You can therfore  end up with a situation where the cells or fragments of
them float off the section and become relocated, whether we are talking
about floating sections on a water bath or simply placing in staining
reagents. I found this to be especialy noticeable with spleen. I believe
that this is a possibility.
What happens if you cut thicker sections? If sections are say 6-7 microns
yu may be able to idntify specific the debris as specific cell fragments if
these are the problem.

Other posibilities are 
if you allow slides to dry excessively once cut or do not fix for an
adequate period of time
if the blocks that you are sectioning are drying in the cryostat then
similar tissue pieces may also be generated during sectioning,
if, as noted by previous writer the slides are dirty.

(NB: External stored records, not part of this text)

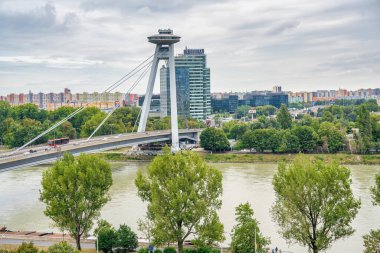 Bratislava, Slovakya - 23 Ağustos 2022: Bratislava, Slovakya 'daki Tuna Nehri üzerindeki SNP ve UFO kulesi manzaralı köprü.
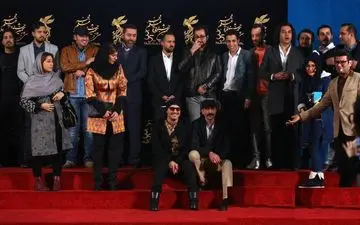 عوامل «ماجرای نیمروز» روی فرش قرمز 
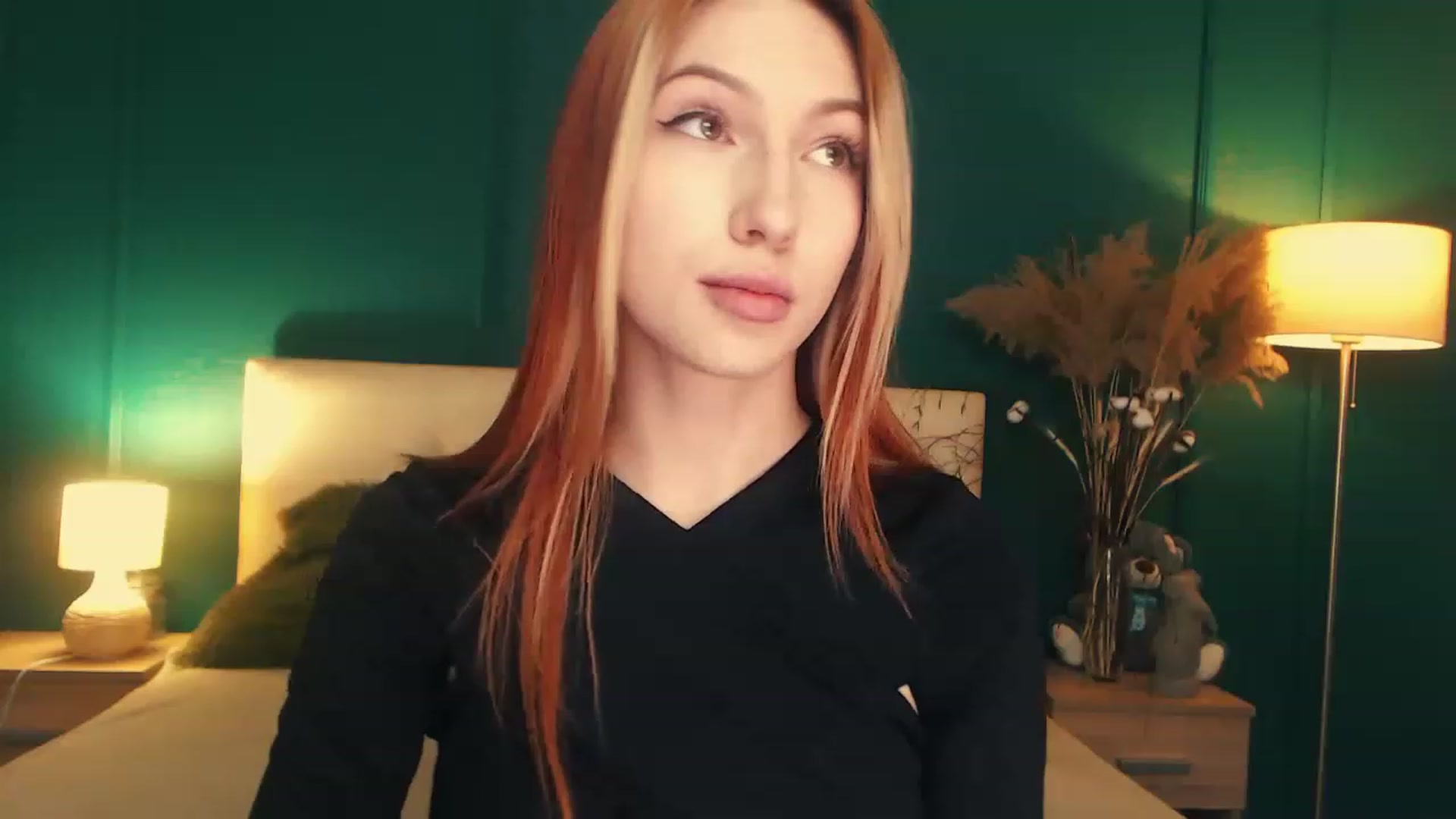 Gallery image thumbnail from LovelyGin's myfreecams stream on, 06/05/2023, 17:37 image 2 of 20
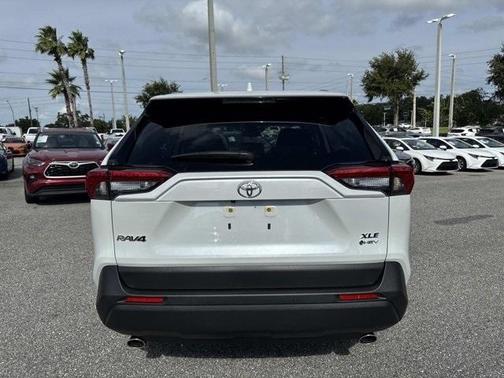 2025 Toyota RAV4 Hybrid XLE Premium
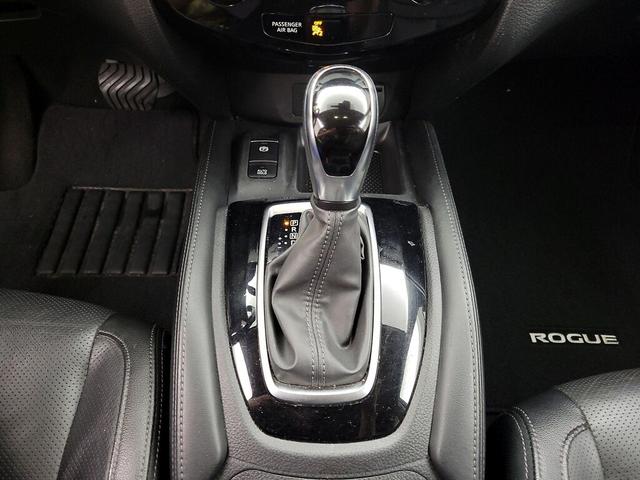 Photo of 2019 Blue Nissan Rogue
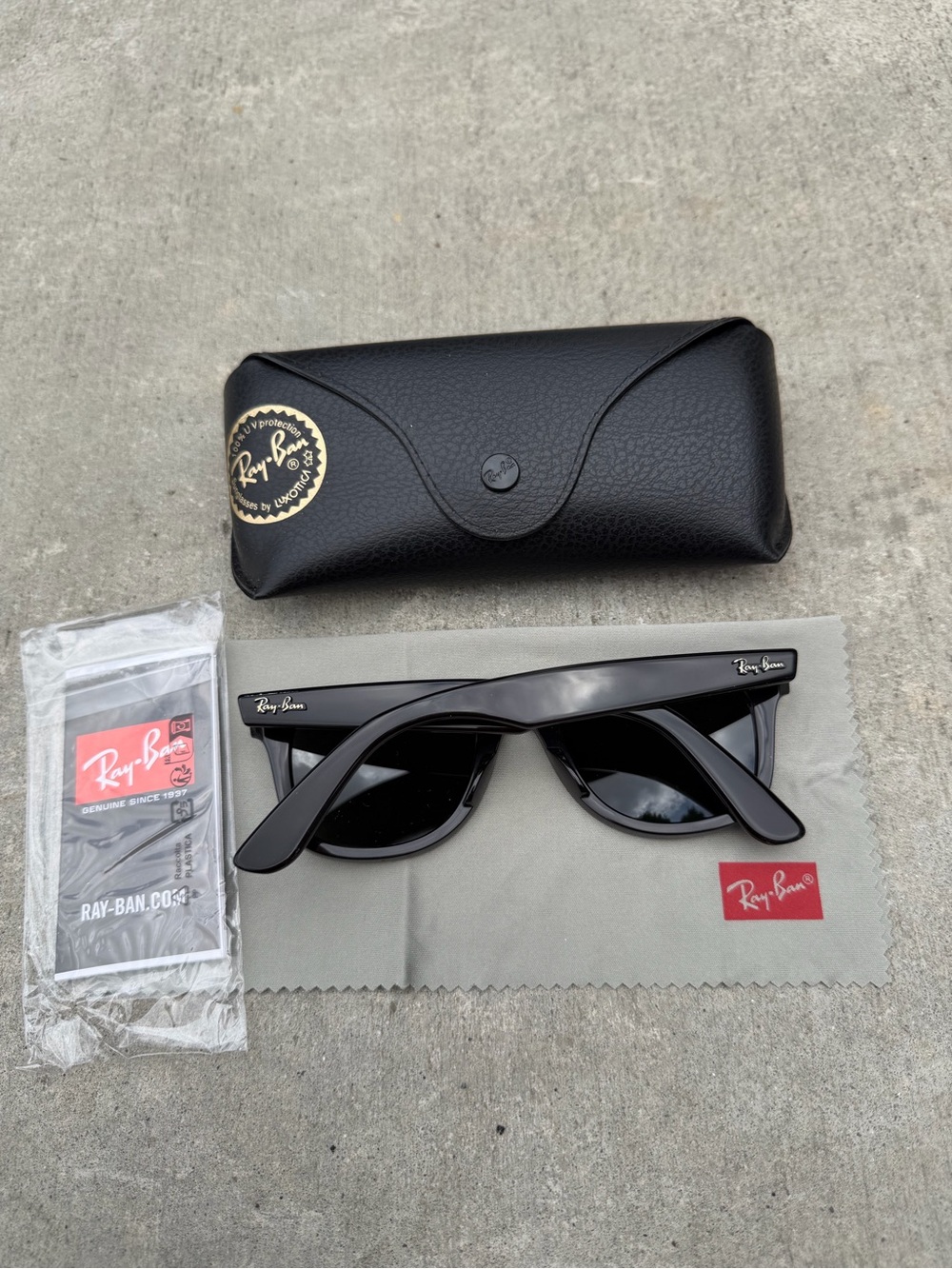 RayBan RB2140 Wayfarer Sunglasses G-15 Lens Black Frame - Picture 2 of 4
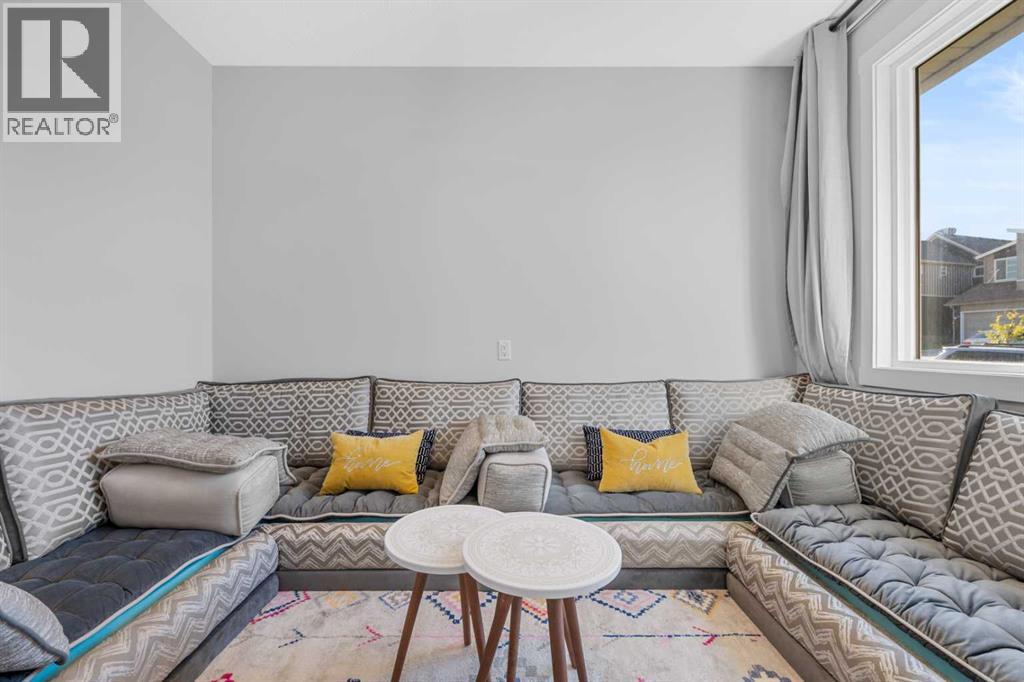 571 Livingston Way NE, Calgary, Alberta  T3P 0V9 - Photo 14 - A2286725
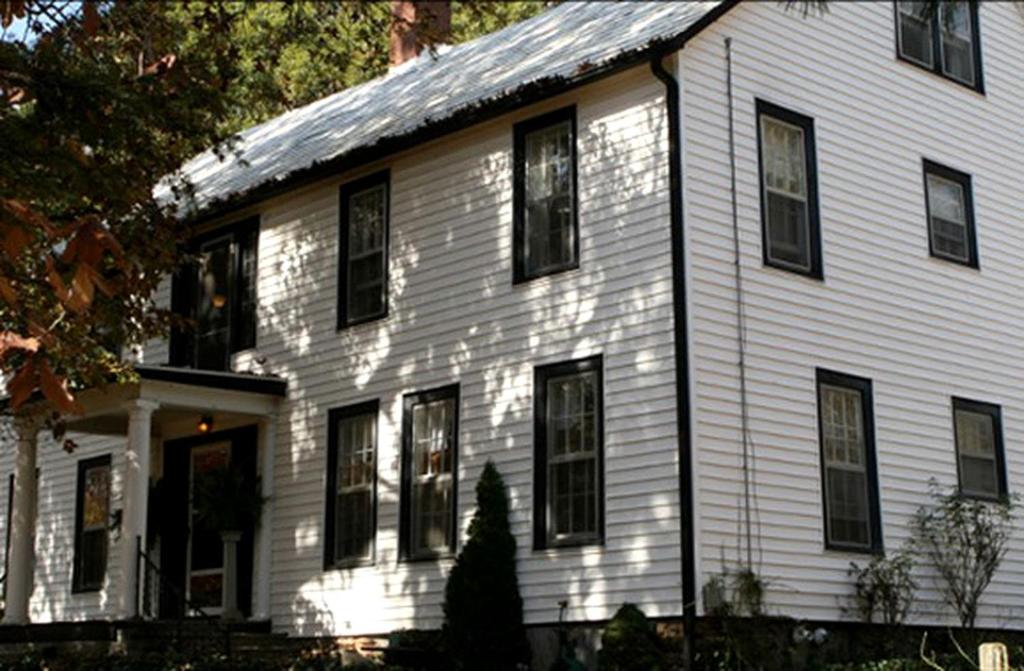 The Carolina Bed & Breakfast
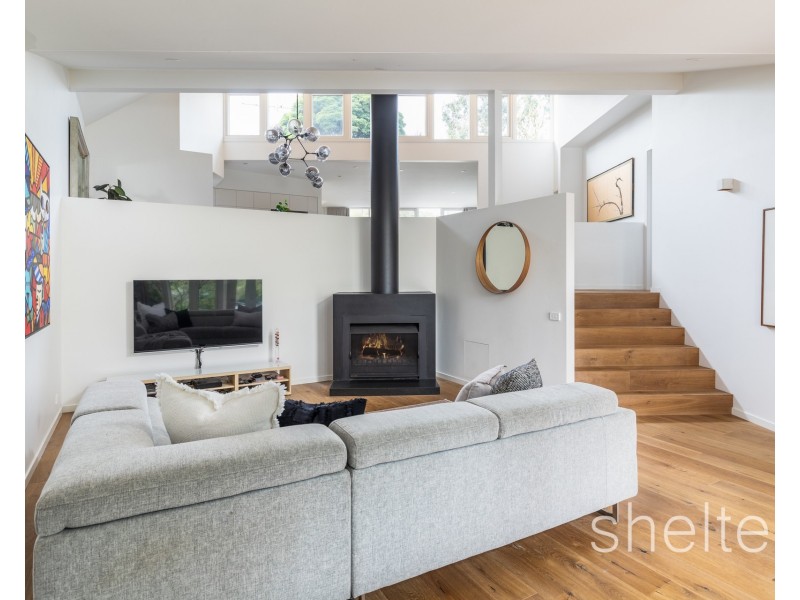 35 Great Valley Road, Glen Iris VIC 3146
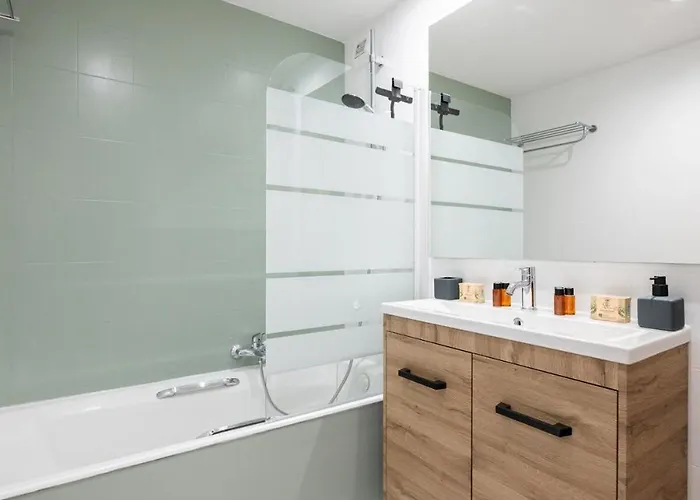 アパート Le Marni Avec Parking Prive マントン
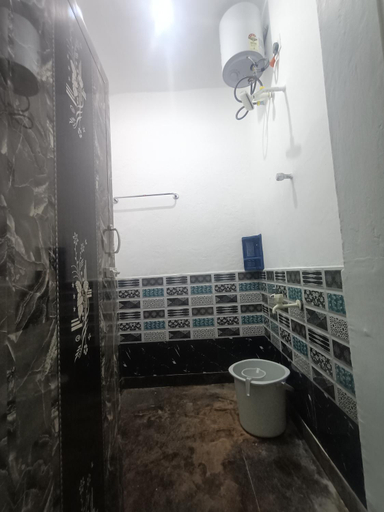 Bathroom 4, Pondy Comfy Stay, Puducherry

If you have squames on the sections these will stain a bright red in H and
E and will be roughly hexagonal in shape. 
hope this helps

At 07:16 PM 3/18/99 -0500, you wrote:
>	Frozen lymphoid tissues after sectioning and staining features some
>debris (hair like, glass like structures and other junks). It is very
>annoying when you have it sitting right at the center of a picture perfect
>follicle. Does any one have an idea of the source of these debris?  I think
>that this occurs, during sectioning but the source of these debris I have
>not been able to determine.
>	Again, thanks to all of you that gave suggestions on methods of
>freezing lymphoid tissues. I have recently made excellent sections (cracks
>and holes free) from a rabbit appendix tissue frozen in OCT placed in a
>mixture of isopentane and dry ice.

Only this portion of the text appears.